Yesterday's tragedy, seen by Egyptian officials as a case of mistaken identity, was not what President Hosni Mubarak had in mind last month when he warned Israel that its actions following the Hamas suicide bombings could backfire.

Only 10 days ago Amr Musa, the Egyptian Foreign Secretary, told his parliament that Israel was partly to blame for creating Hamas by its collective punishment of the Palestinians. Predicting some action by Islamic radicals when Israeli war planes hit Beirut last week, Egyptian diplomats warned that attacks on Lebanon could get out of hand and destroy the peace.

What they did not predict was that Egypt's newly restored tourist industry would also experience the bitter taste of Israel's Grapes of Wrath, as its operation in Lebanon is called.

"It looks like a case of either mistaken identity or poor intelligence on the part of el- Gamaat el-Islamia," said a Cairo-based diplomat.
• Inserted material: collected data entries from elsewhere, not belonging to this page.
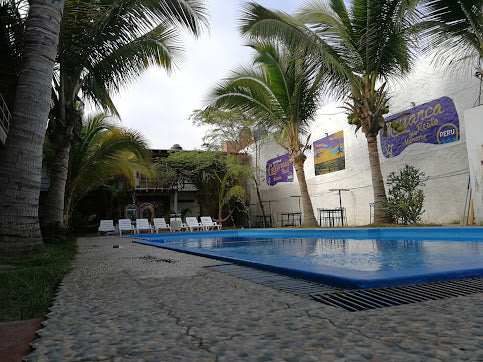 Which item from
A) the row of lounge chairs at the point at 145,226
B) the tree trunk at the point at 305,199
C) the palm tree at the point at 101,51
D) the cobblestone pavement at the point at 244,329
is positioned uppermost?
the palm tree at the point at 101,51

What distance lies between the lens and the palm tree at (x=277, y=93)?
10.8 m

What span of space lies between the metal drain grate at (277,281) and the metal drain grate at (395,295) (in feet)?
0.47

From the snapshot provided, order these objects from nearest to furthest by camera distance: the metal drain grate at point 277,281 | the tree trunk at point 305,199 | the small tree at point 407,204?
the metal drain grate at point 277,281 → the small tree at point 407,204 → the tree trunk at point 305,199

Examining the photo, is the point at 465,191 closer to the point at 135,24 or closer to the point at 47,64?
the point at 135,24

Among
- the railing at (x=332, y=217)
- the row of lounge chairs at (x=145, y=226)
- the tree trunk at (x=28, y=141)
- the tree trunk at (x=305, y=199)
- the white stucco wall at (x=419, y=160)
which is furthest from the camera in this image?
the row of lounge chairs at (x=145, y=226)

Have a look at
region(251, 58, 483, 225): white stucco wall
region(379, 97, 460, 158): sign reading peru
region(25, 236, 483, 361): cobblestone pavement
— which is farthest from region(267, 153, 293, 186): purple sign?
region(25, 236, 483, 361): cobblestone pavement

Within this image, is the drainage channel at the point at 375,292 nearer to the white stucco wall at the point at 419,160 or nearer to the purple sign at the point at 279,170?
the white stucco wall at the point at 419,160

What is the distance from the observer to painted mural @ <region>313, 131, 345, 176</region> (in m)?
13.7

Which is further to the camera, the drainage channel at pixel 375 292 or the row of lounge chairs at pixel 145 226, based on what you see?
the row of lounge chairs at pixel 145 226

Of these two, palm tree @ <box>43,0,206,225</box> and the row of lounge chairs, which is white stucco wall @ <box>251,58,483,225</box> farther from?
the row of lounge chairs

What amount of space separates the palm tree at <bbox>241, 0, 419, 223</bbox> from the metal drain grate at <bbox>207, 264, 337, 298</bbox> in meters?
6.62

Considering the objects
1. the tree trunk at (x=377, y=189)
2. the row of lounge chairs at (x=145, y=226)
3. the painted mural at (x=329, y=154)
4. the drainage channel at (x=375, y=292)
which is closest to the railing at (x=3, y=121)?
the drainage channel at (x=375, y=292)

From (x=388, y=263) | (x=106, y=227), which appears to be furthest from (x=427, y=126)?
(x=106, y=227)

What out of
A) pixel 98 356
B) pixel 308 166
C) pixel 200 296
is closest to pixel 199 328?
pixel 98 356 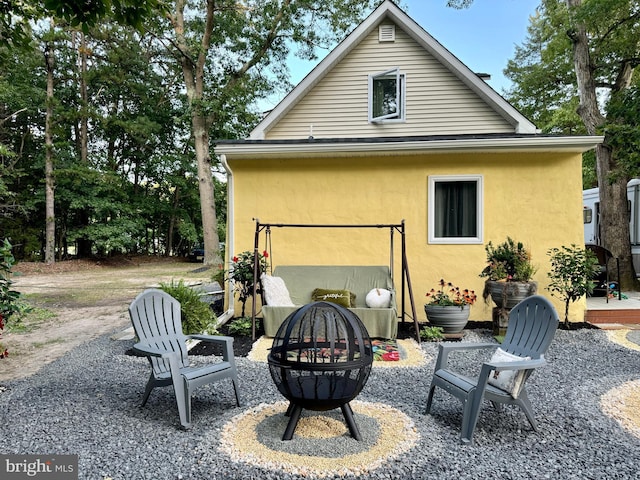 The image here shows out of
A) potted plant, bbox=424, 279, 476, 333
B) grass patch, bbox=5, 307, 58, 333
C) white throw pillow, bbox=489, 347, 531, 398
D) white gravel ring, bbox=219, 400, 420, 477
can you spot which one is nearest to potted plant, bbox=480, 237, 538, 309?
potted plant, bbox=424, 279, 476, 333

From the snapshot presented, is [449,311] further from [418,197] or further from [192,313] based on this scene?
[192,313]

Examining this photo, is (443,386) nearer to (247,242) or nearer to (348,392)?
(348,392)

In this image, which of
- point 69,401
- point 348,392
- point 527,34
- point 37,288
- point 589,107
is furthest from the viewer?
point 527,34

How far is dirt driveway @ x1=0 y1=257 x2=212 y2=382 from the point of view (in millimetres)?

He was among many who believed that Islamic militants sympathetic to the Iranian-backed Hizbollah in Lebanon carried out the attack against people whom, in the words of one official, "they thought to be Israeli tourists, or Jews and their friends".

The Europa Hotel is used by Israelis, and the Greeks who were killed could easily have been mistaken for them. Many of the tourists arrived a day earlier from Israel on coaches as part of a flourishing tourist business combining visits to ancient sites in both countries.
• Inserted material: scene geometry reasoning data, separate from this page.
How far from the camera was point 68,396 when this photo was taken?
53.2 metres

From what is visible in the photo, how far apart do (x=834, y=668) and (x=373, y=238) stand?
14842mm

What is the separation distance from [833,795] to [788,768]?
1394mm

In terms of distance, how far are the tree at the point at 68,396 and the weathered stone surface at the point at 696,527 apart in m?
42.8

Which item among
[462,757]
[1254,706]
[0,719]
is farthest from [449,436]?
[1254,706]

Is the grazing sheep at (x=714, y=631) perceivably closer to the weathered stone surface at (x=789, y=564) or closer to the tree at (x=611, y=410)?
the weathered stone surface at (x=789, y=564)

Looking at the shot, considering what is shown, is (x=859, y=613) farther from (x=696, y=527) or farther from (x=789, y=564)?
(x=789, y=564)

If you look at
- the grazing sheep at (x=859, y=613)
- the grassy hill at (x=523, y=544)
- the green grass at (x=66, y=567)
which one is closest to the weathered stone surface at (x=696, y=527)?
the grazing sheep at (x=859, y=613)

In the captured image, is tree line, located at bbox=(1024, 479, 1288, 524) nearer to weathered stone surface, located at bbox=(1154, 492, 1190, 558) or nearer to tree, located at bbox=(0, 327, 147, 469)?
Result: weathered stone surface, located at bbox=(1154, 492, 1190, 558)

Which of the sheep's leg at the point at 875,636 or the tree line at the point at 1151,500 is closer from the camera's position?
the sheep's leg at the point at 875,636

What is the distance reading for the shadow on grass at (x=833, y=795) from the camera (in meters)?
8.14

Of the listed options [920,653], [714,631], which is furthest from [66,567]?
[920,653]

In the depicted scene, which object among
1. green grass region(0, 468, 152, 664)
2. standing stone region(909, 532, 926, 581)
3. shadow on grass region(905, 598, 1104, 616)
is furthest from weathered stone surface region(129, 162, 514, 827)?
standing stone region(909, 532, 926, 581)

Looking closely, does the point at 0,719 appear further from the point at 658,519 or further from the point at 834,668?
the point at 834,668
Observers and security specialists say the style of the attack - using three or four automatic weapons in the same operation - was not part of el-Gamaat el-Islamia's usual strategy.

The police have largely confined the members of the group to villages in the south and their operations for the past 18 months have been limited to planting the odd bomb or attacks on individual officials. They also say Islamic terrorists are usually uninterested in foreign policy, but that they make daring attacks like this when Islamic issues are involved.
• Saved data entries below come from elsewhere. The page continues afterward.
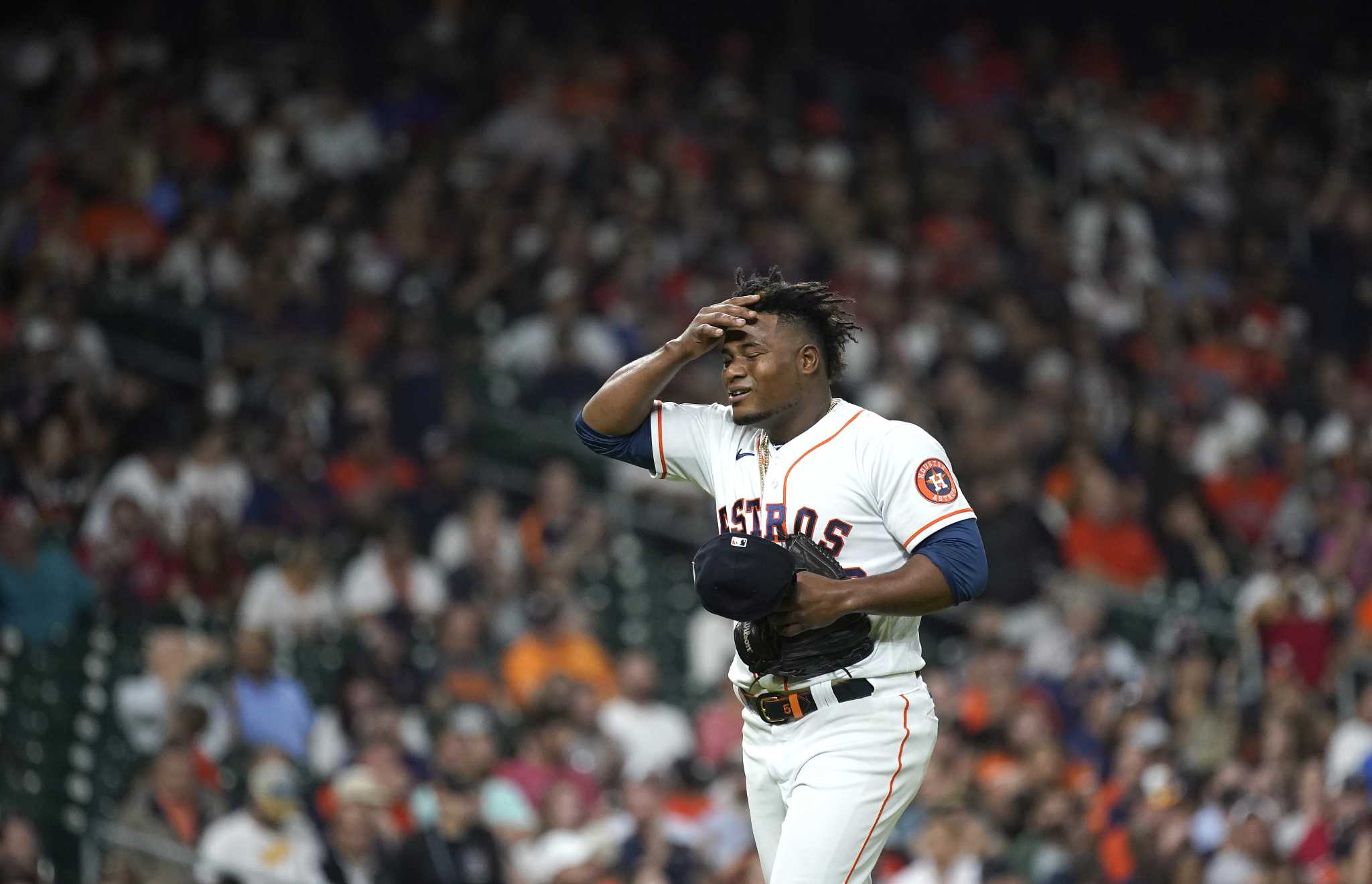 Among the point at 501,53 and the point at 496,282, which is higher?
the point at 501,53

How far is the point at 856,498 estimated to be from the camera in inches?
155

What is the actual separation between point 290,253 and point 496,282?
50.7 inches

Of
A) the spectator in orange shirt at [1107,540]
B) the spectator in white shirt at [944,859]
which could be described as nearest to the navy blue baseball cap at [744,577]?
the spectator in white shirt at [944,859]

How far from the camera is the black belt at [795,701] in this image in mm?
3906

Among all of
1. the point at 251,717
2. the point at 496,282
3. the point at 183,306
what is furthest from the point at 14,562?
the point at 496,282

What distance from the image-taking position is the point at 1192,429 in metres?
11.8

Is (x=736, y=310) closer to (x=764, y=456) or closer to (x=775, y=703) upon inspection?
(x=764, y=456)

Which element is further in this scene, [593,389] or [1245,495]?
[1245,495]

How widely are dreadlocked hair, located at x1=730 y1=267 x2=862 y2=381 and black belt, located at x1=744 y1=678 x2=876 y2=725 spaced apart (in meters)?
0.72

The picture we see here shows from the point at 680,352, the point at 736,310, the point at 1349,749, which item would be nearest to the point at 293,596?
the point at 1349,749

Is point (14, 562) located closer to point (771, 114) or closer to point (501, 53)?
point (501, 53)

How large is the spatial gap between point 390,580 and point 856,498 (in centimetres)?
545

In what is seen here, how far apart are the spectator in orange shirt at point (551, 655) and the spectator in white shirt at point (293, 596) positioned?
0.92 meters

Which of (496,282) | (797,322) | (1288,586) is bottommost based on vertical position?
(1288,586)
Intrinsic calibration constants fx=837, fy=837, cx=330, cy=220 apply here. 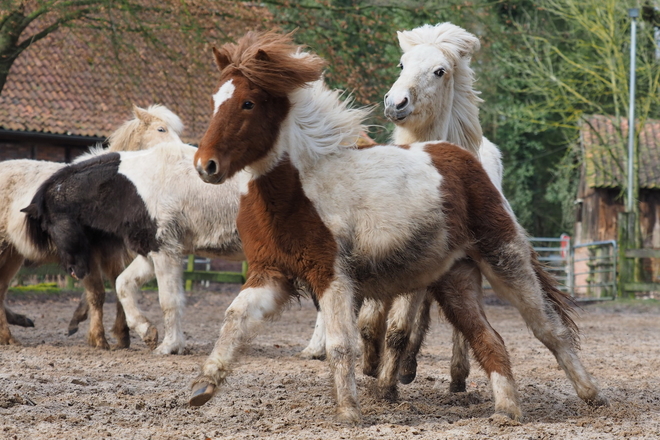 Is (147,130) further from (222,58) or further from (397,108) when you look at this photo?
(222,58)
They also point at the call by Hizbollah and Iranian radicals for attacks against perceived Western Zionist targets.

First to arrive at the scene was Egypt's top security official, Interior Minister Hassan el-Alfi, who was appointed at the height of the campaign of violence against tourists with a rief to use tough measures to reassure the Egyptian public that he would get the problem under control. By the middle of last year General el-Alfi confidently reported to parliament that the extremists were on the run.

It was a successful combination of tough measures - which earned the Egyptian government condemnation by national and international human rights organisations - and a debate in the media that made people choose between two different faces of Islam. Moderates who have members in parliament were allowed to operate and publish freely.

But the militants helped bring about their own defeat. Their attacks on tourists alienated the Egyptian public, a fifth of whom earn their living directly or indirectly from tourism. Last year witnessed the largest increase in tourism since the Gulf war as the militants' attacks were limited to ambushing government officials in the south, planting bombs or harassing the Coptic Christian minority in Upper Egypt.

One of Mr Mubarak's advisers yesterday told the Independent that the President always expected trouble from the militants when the media presented a regional crisis as a conflict between Islam and the West. There is an influential radical Islamic/Arab nationalist trend in the Egyptian press and since Israeli planes began to raid Lebanon, Egyptian publications have printed headlines not seen since Nasser's nationalistic speeches were used to ignite press attacks on Israel and the United States in the Sixties.

Throughout last week, not a single commentator, official or diplomat in Egypt directed any blame at Hizbollah for firing rockets into northern Israel. All blamed Israel. In private, Egyptian officials admit that they are aware of Hizbollah's Iranian-inspired agenda of destabilising the peace process.

Yesterday's attack, however, not only hit Egypt where it hurts, but it also put another nail in the coffin of Israeli Prime Minister Shimon Peres's vision of a new Middle East where shared economic prosperity, built on open borders, trade and tourism between neighbours, would cement the peace.